Start of Block
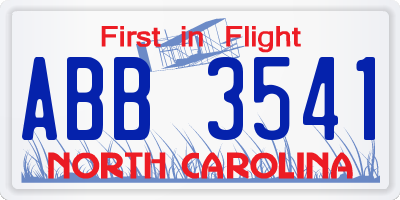 NC license plate ABB3541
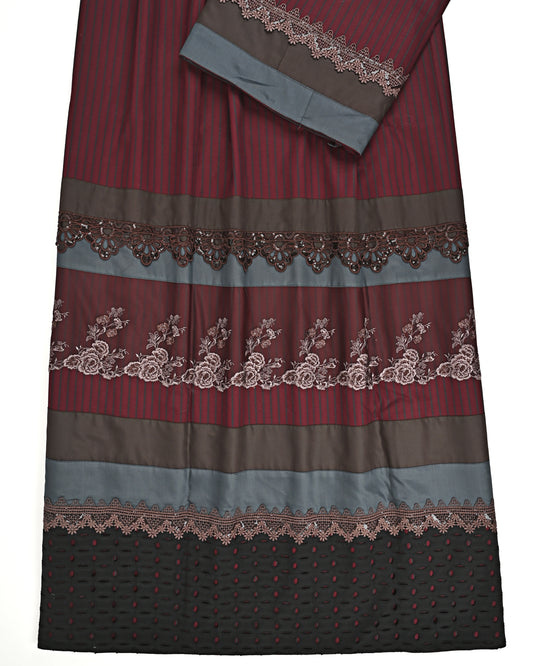 Burgundy Stripes Rida With Smart Dark Lacing & Dark Panel
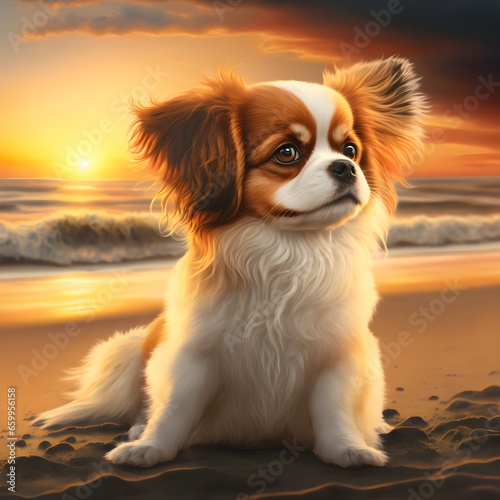 cavalier king charleston spaniel and pomeranion mix dog breed caramel color adorable cute hyperrealistic on a beach with an orange beautiful sunrise in the background panting  © Billy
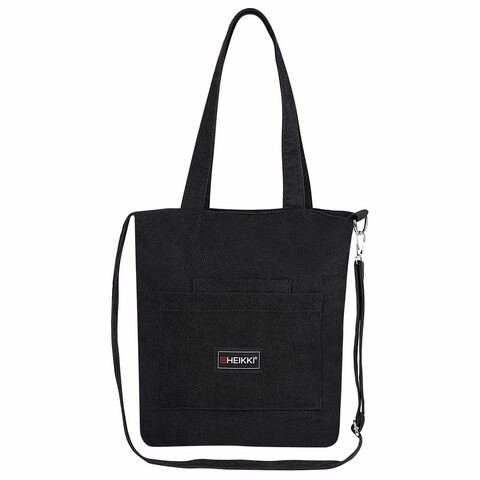 Сумка шоппер HEIKKI VELVET (ХЕЙКИ), вельвет, карманы, 35х32 см, черный, 272437 272437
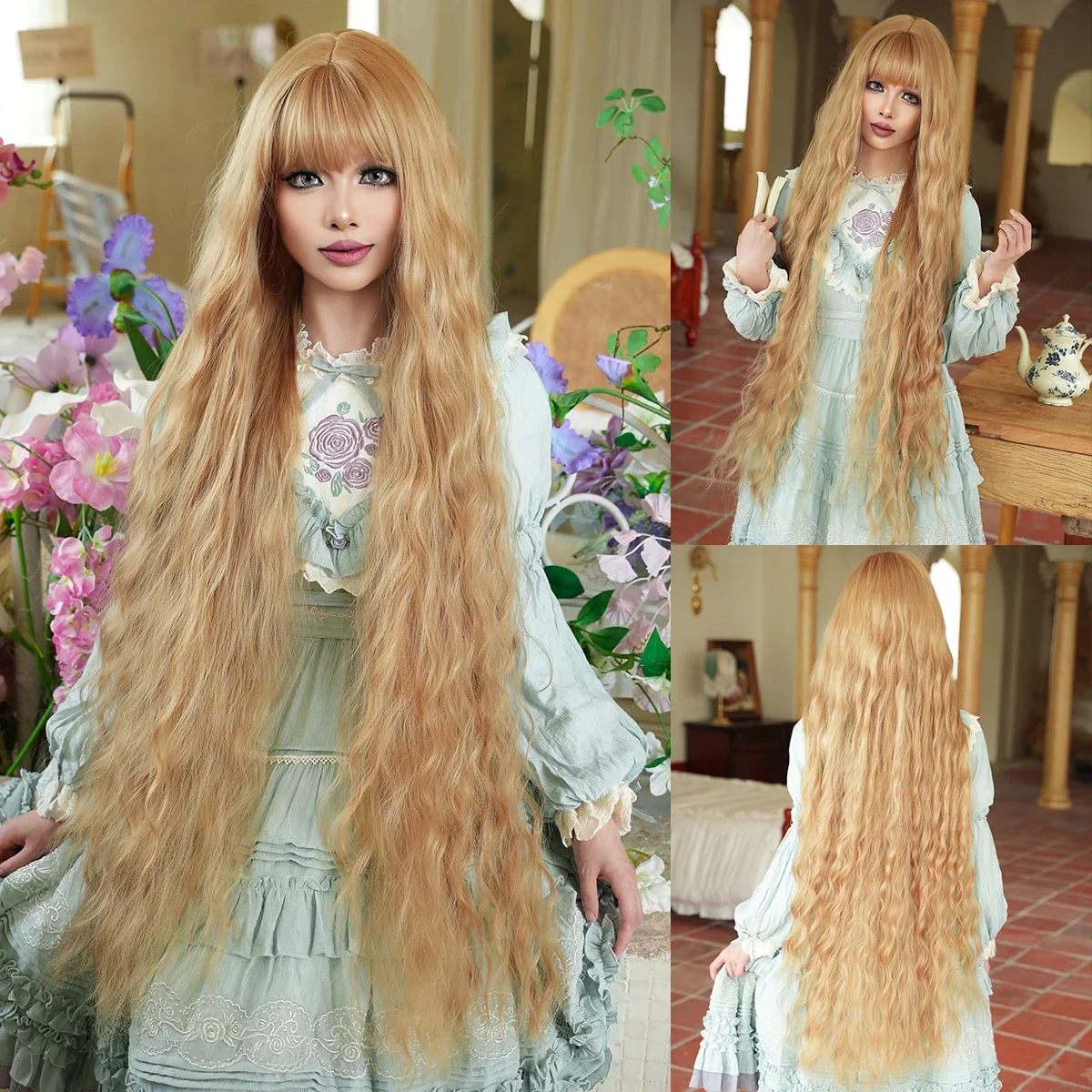 

NAMM 44 Inch Extra Long Blonde Cosplay Wig With Bangs Loose Long Curly Blonde Lolita Wig For Women Party Wedding Rapunzel Use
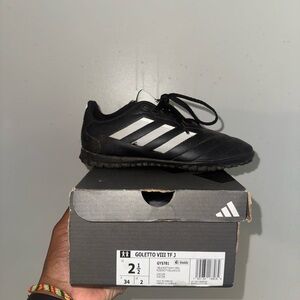 Kids Adidas Golettos in Black and White Soccer Cleats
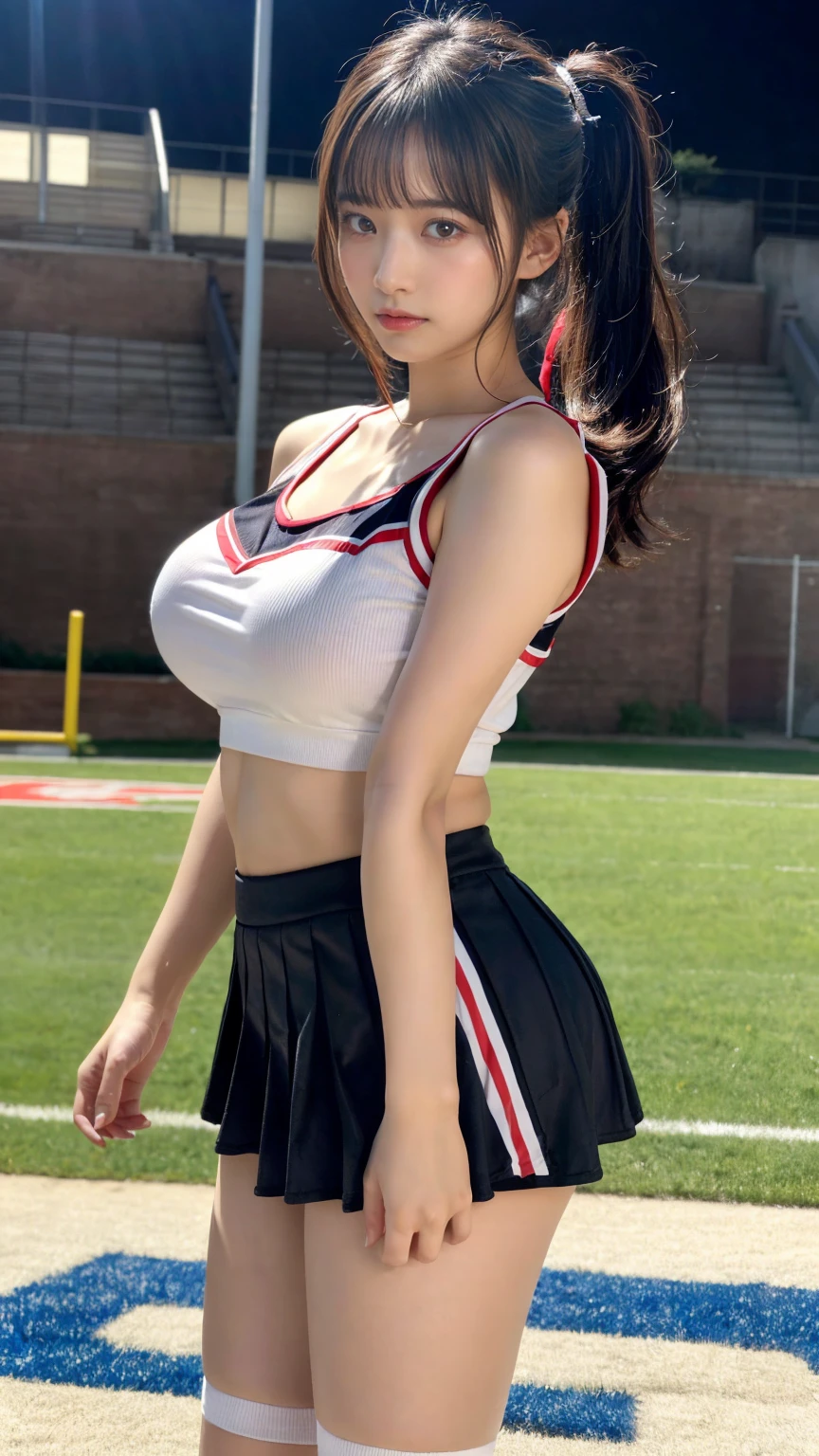 masterpiece, best quality, illustration, Super detailed, fine details, High resolution, 8K,wall paper, perfect dynamic composition,(Details High quality, realistic depiction of eyes:1.3), Photo of Japanese actress in American football studium, ponytail, night, dark, cheerleader, jumping, short skirt, large breasts, sneaker, black hair color, Big Natural Color Lip, perfect body shape, bold sexy pose, crying a little、Harajuku style、20 year old girl、cute type、lolita、beautiful legs, hposing Gravure Idol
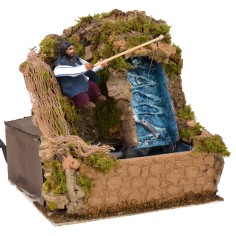 Fisherman in movement 10 cm series with functioning waterfall 2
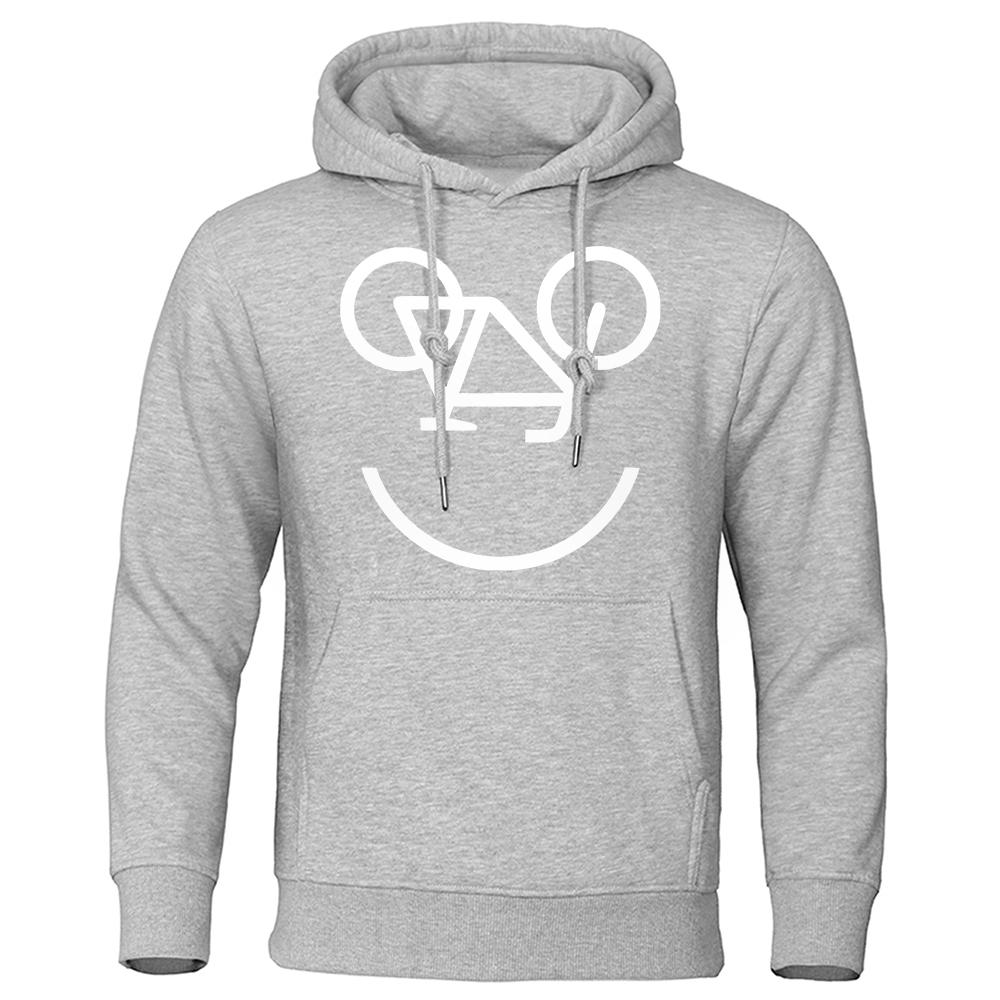 Das Gesicht aus Weiß Invertierter Fahrräder Druck Kleidung Männer Straße Warmes Oberteil Mode Fleece Sweatshirt O-Ausschnitt Locker Herren Kapuzenpullover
End of Block
# Exercise details
When you reach the line holding "Kids Adidas Golettos" in the listing above, begin retyping exactly, and stop once the line holding "masterpiece, best quality, illustration, Super" is done; pictures stay out.

# Result of this task
 Kids Adidas Golettos in Black and White Soccer Cleats
 masterpiece, best quality, illustration, Super detailed, fine details, High resolution, 8K,wall paper, perfect dynamic composition,(Details High quality, realistic depiction of eyes:1.3), Photo of Japanese actress in American football studium, ponytail, night, dark, cheerleader, jumping, short skirt, large breasts, sneaker, black hair color, Big Natural Color Lip, perfect body shape, bold sexy pose, crying a little、Harajuku style、20 year old girl、cute type、lolita、beautiful legs, hposing Gravure Idol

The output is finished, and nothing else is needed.